I sought support and answers in Melissa Urban’s book Food Freedom Forever. While I didn’t initially plan on buying any additional Whole30 reading material (the website is actually very comprehensive), I think understanding the right way to move away from Whole30 eating all the time is very important for me. One of the things Melissa addresses in the book is how Whole30, unlike traditional diets, is meant to break you from the diet-lose weight-binge-gain weight-diet again cycle. As someone who knows that cycle well, I’m feeling much more confident about life after Whole 30 since beginning the book.
To me, the first 30 days is actually the easiest part of the program. I love rules and guidelines and found them very comforting and easy to follow. I wasn’t hungry, I really didn’t crave non-compliant foods (other than wine), and I felt happy and confident throughout. Following the Whole30 to the “food freedom” stage, however, is something I know will be a challenge. Being able to eat what I want, when I want it, and not feel guilty? I don’t know that life, but I’d like to.
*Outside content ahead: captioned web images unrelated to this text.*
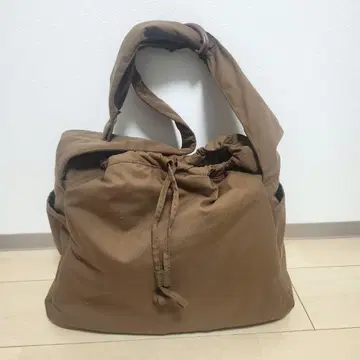 [ 새상품급 ] UNIQLO C 소프트 퍼피 숄더백 브라운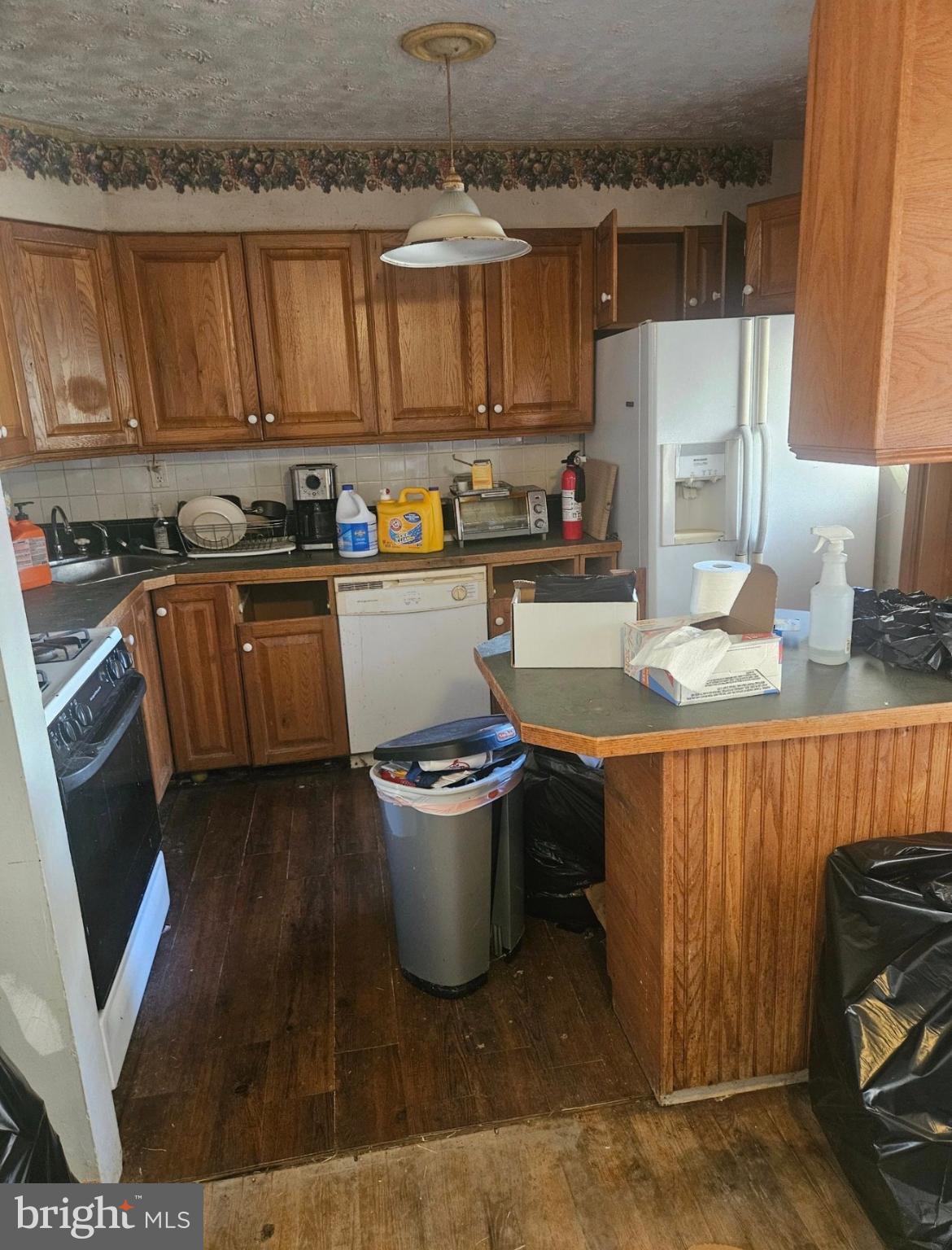 2000 Hanson Road Edgewood, MD 21040 - Photo 5 of 15 a kitchen with a sink and a stove top oven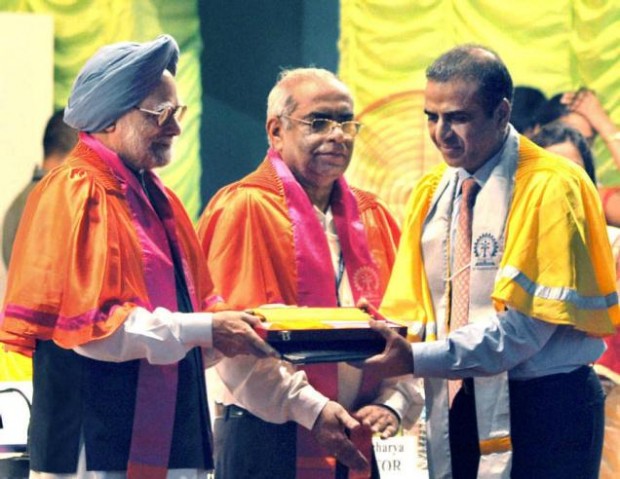 Sunil Mittal Receiving  Degree of Doctor of Science (Honoris Causa) From  Former Indian PM Manmohan Singh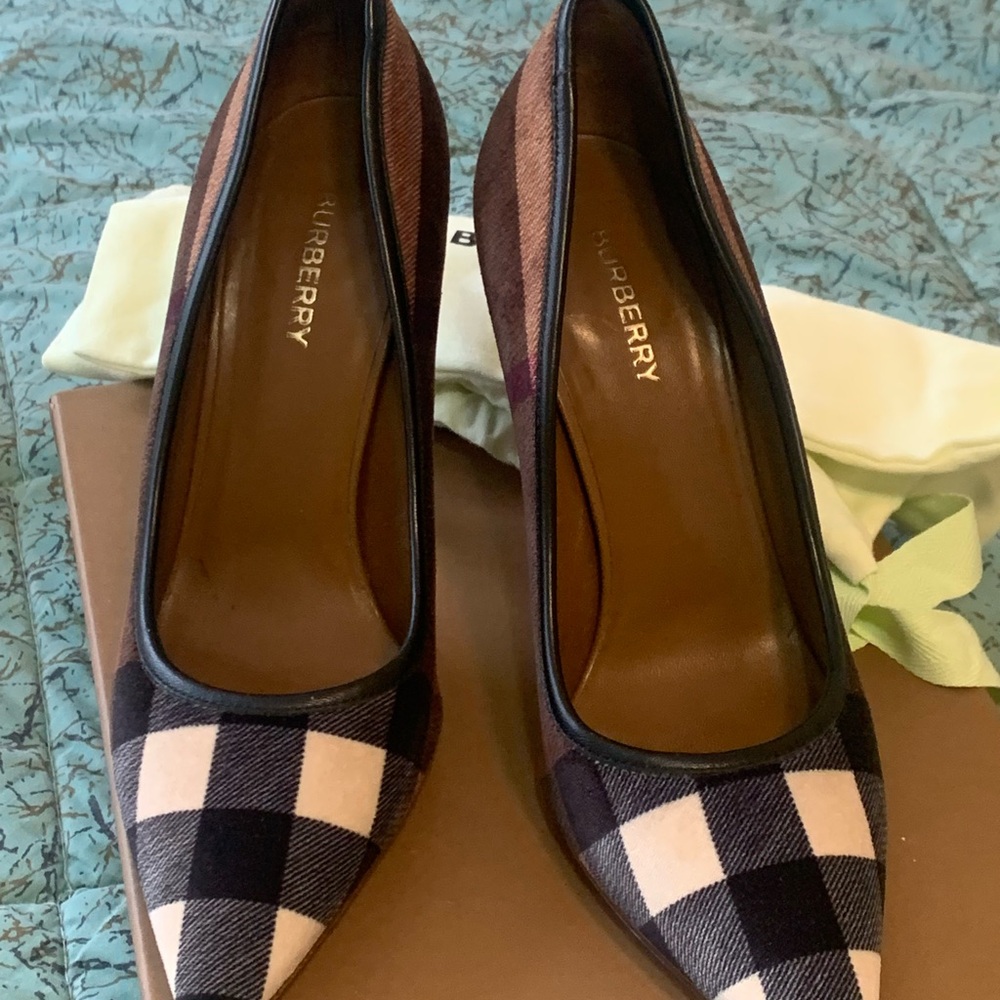 Burberry Dark Birch Brown and Cream Heels Very Good Condition 100% Authentic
In the next few weeks I’m going to go through re-introduction and continue to wrap my mind around food freedom. Developing a whole new relationship with food will not happen easily, but I’m anxious to give it a try.
Should You Do Whole30?
Yes! You should first read up on the program, consult your doctor, and see if it’s right for you based on your personal health history, but, after that, you definitely should. First of all, it’s only 30 days. You really can do anything for 30 days- even not drink wine. Secondly, it’s a chance to feel better. Even if you feel good now. Even if you are thin. Even if you already eat a healthy diet. Even if you think it sounds like a fad and you hate fads. Just try it. I feel confident you will be surprised with the results.
I will be back in a few weeks with an update on re-introduction and the journey toward food freedom.
Cindy says
I’m so glad you feel successful with the program. Times are very stressful. I’m happy you could find something to help you feel better and losing weight is always fun.